A coordenadora do Bloco de Esquerda, Mariana Mortágua, afirmou que a justiça portuguesa “tem agora uma responsabilidade principal: esclarecer da forma mais célere possível as suspeitas que foram levantadas sobre o primeiro-ministro”. Ela acrescentou que as investigações “dizem respeito a grandes projetos econômicos que o Bloco tem criticado”, como o hidrogênio verde e a exploração das minas de lítio.

Mortágua disse que irá comunicar ao presidente Sousa “a preferência pela convocação de eleições antecipadas. Entendemos que em democracia crises políticas desta natureza se resolvem com a convocação de eleições”.

Os partidos da Troika e os fascistas do Chega se manifestaram pela antecipação das eleições.

TRÁFICO DE INFLUÊNCIA

Em relação a um dos projetos do lítio, na mina do Barroso, o MP alega que o ministro da Infraestrutura Galamba interferiu nas decisões de avaliação ambiental, apesar de pareceres técnicos negativos contra a ampliação. O prefeito da localidade, Fernando Quiroga, havia manifestado sua  “tristeza e preocupação”, por considerar que a mina “vai pôr em causa o investimento que Boticas tem seguido e que é baseado na agricultura, na pecuária e no turismo”.

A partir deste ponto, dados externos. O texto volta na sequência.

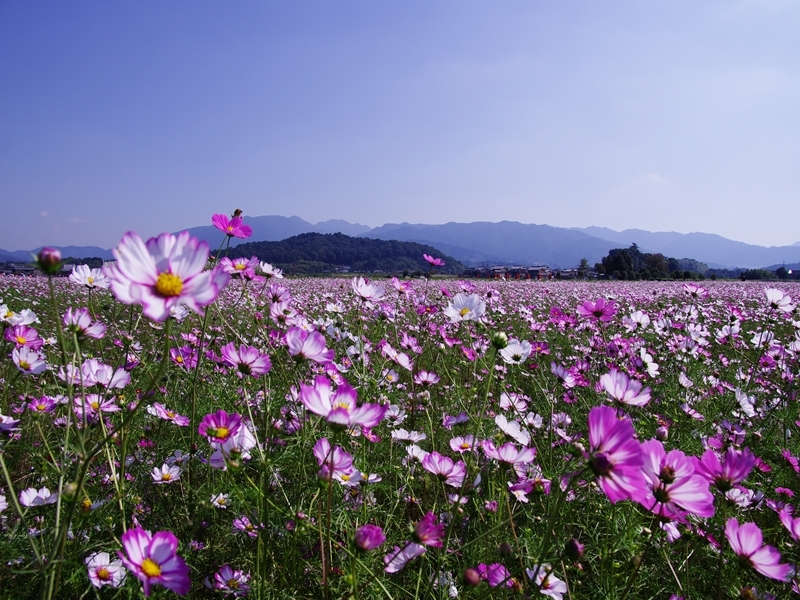 藤原宮跡の秋桜２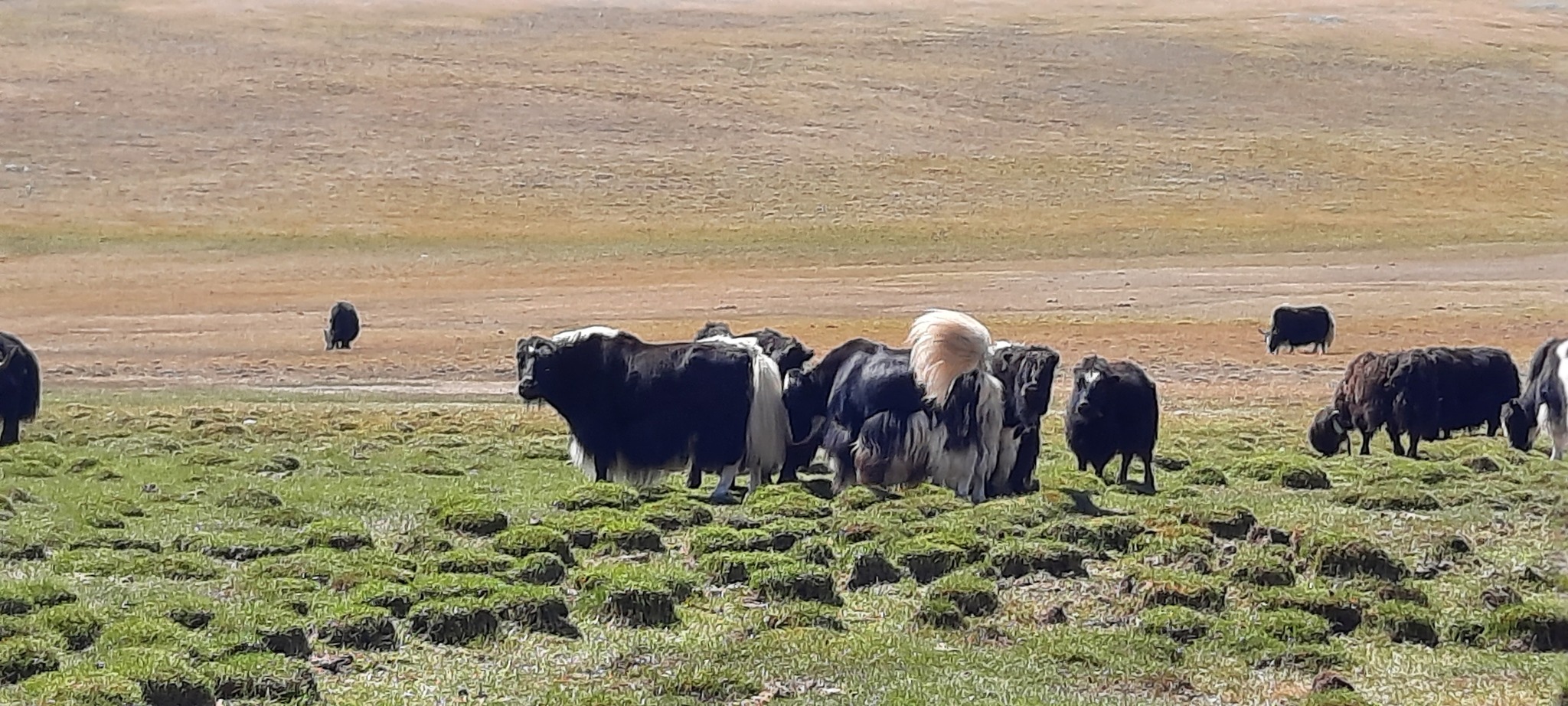 Mongolia on loaves of bread we roll on - Mongolia, Road trip, Vacation, Longpost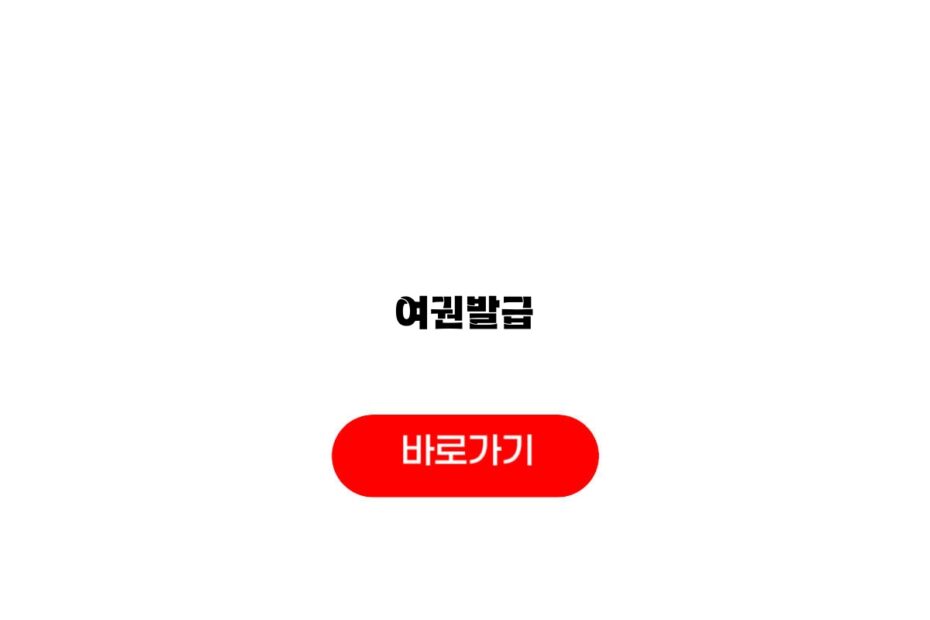 여권발급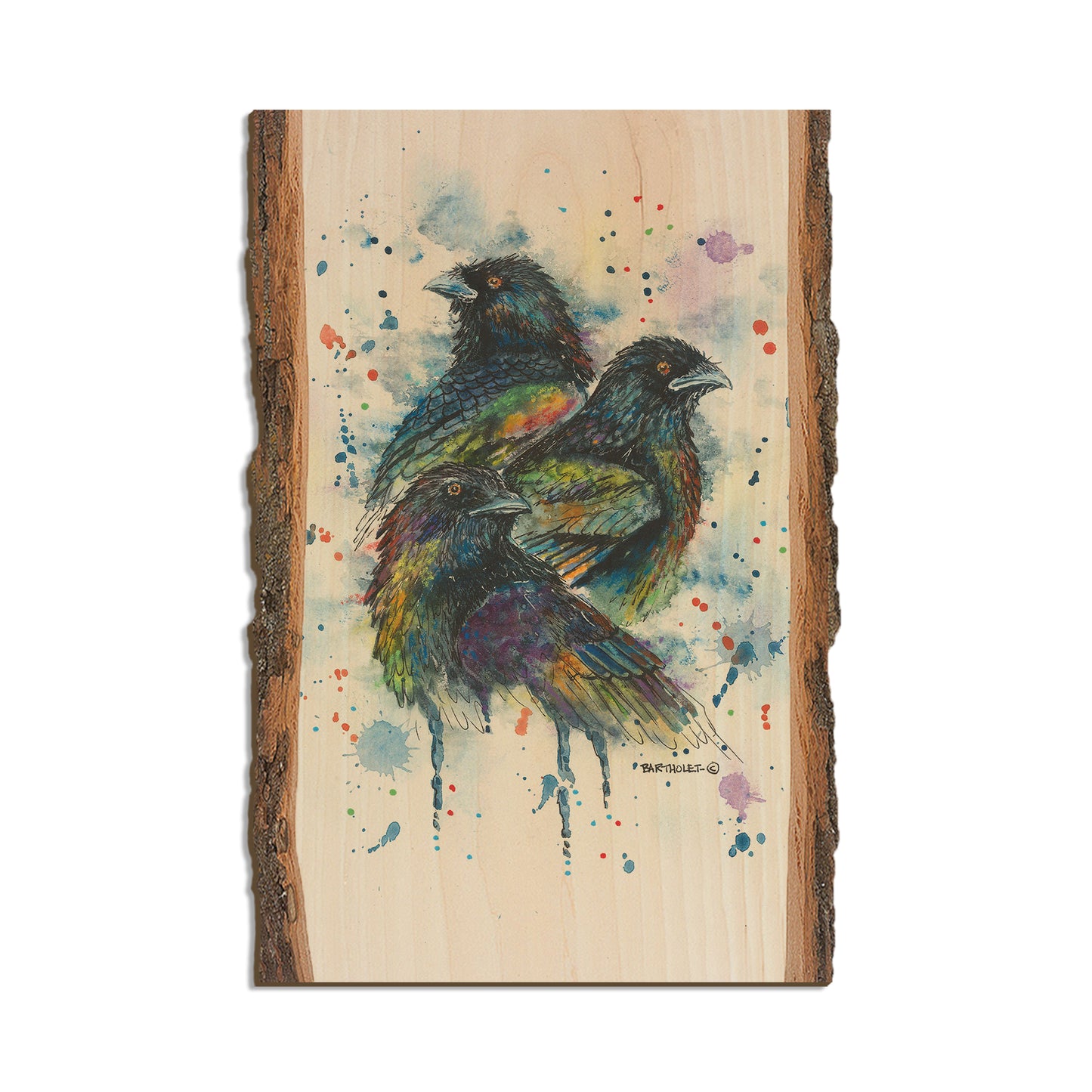 Bartholet's Raven Trio  - Live Edge Live Edge Postcard (5pk // $2.80ea)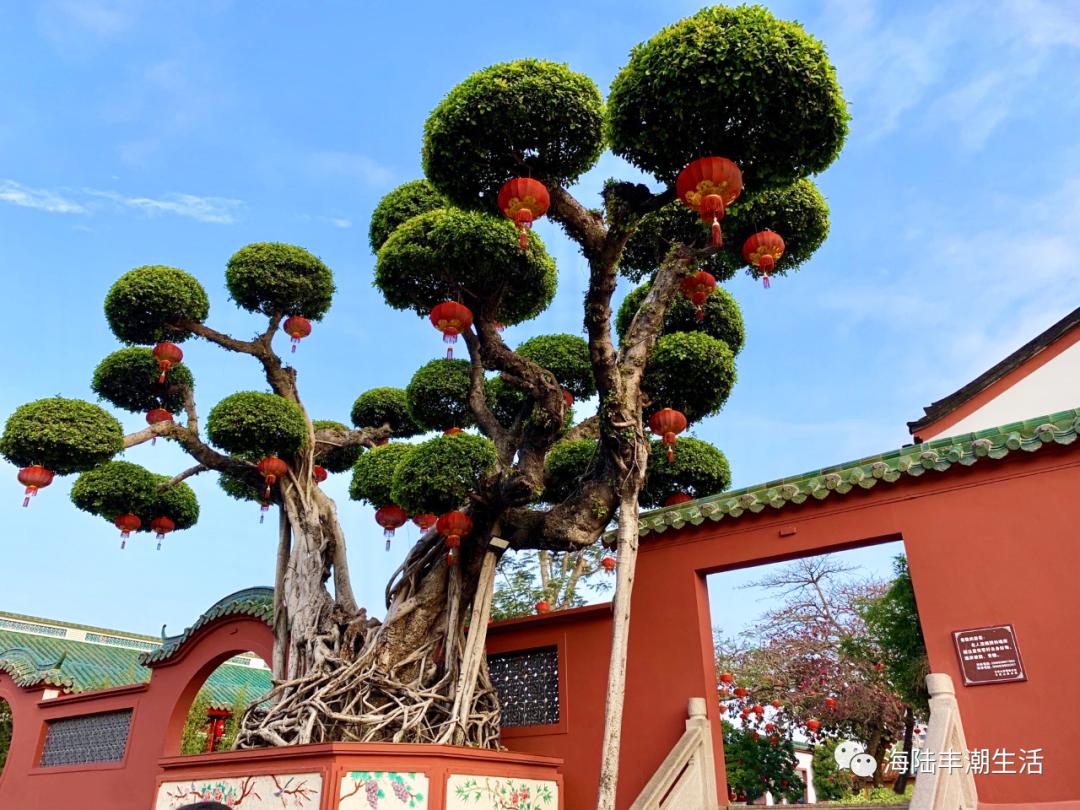 汕尾玄武山佛祖定位,汕尾玄武区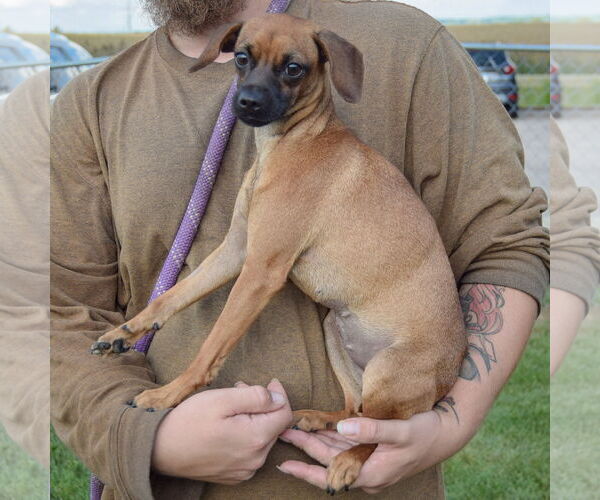 Medium Photo #2 Chiweenie Puppy For Sale in Huntley, IL, USA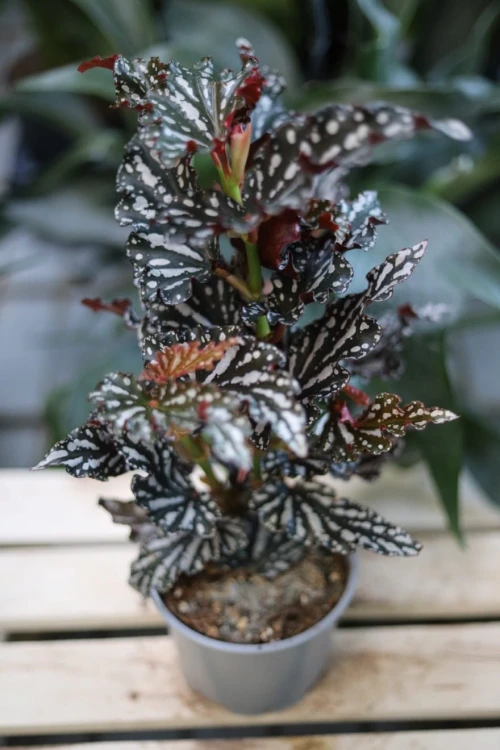 begonia (2).JPG
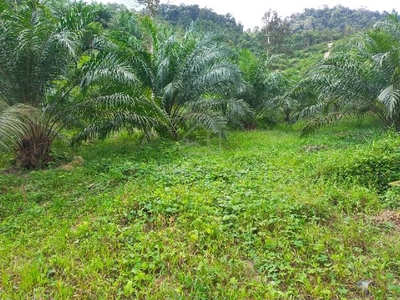 Palm Oil Tree Land For Sale(5acre)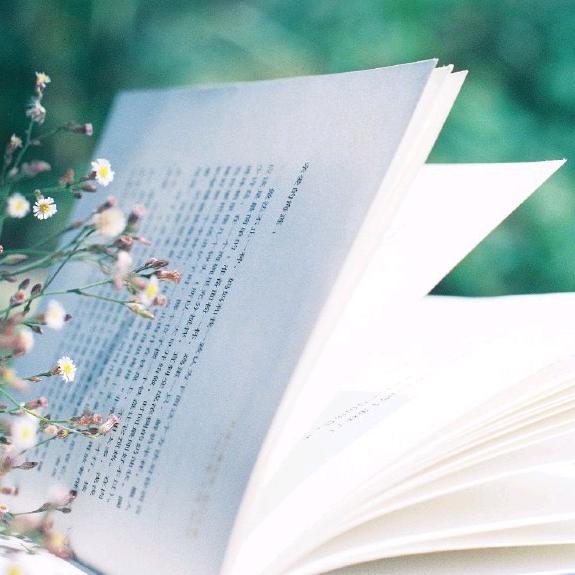 @ℳ别动情ꦿꦿ会伤꧔ꦿ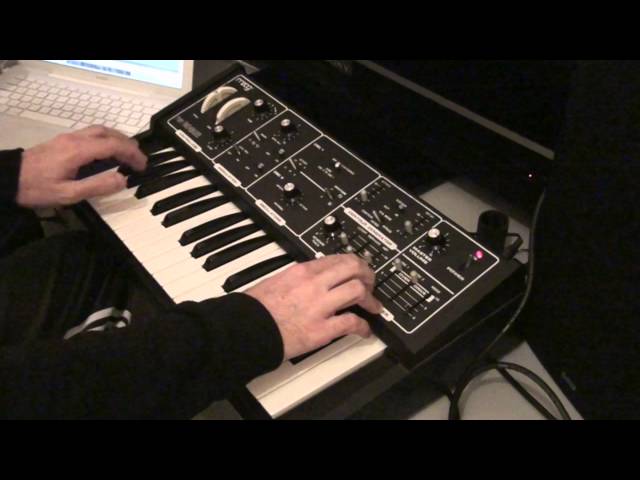 Moog The Rogue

Segundo o jornal português Diário de Notícias, no total foram realizadas 17 buscas domiciliárias, cinco buscas em escritório e domicílio de advogado e 20 buscas não domiciliárias, nomeadamente, em espaços utilizados pelo chefe do gabinete do primeiro-ministro; no Ministério do Ambiente e da Ação Climática; no Ministério das Infraestruturas e na Secretaria de Estado da Energia e Clima; na Câmara Municipal de Sines e na sede de outras entidades públicas e de empresas. Participaram 17 magistrados do MP, três magistrados judiciais, dois representantes da Ordem dos Advogados e 154 policiais. De acordo com o DN, as investigações começaram em 2020.

A existência do processo foi revelada pela revista Sábado, que acrescia o ex-ministro da Economia, Pedro Siza Vieira, às figuras sob investigação por “tráfico de influências, corrupção e outros crimes econômico-financeiros” em alegados favorecimentos a um consórcio EDP/GALP/REN para a produção de hidrogênio verde.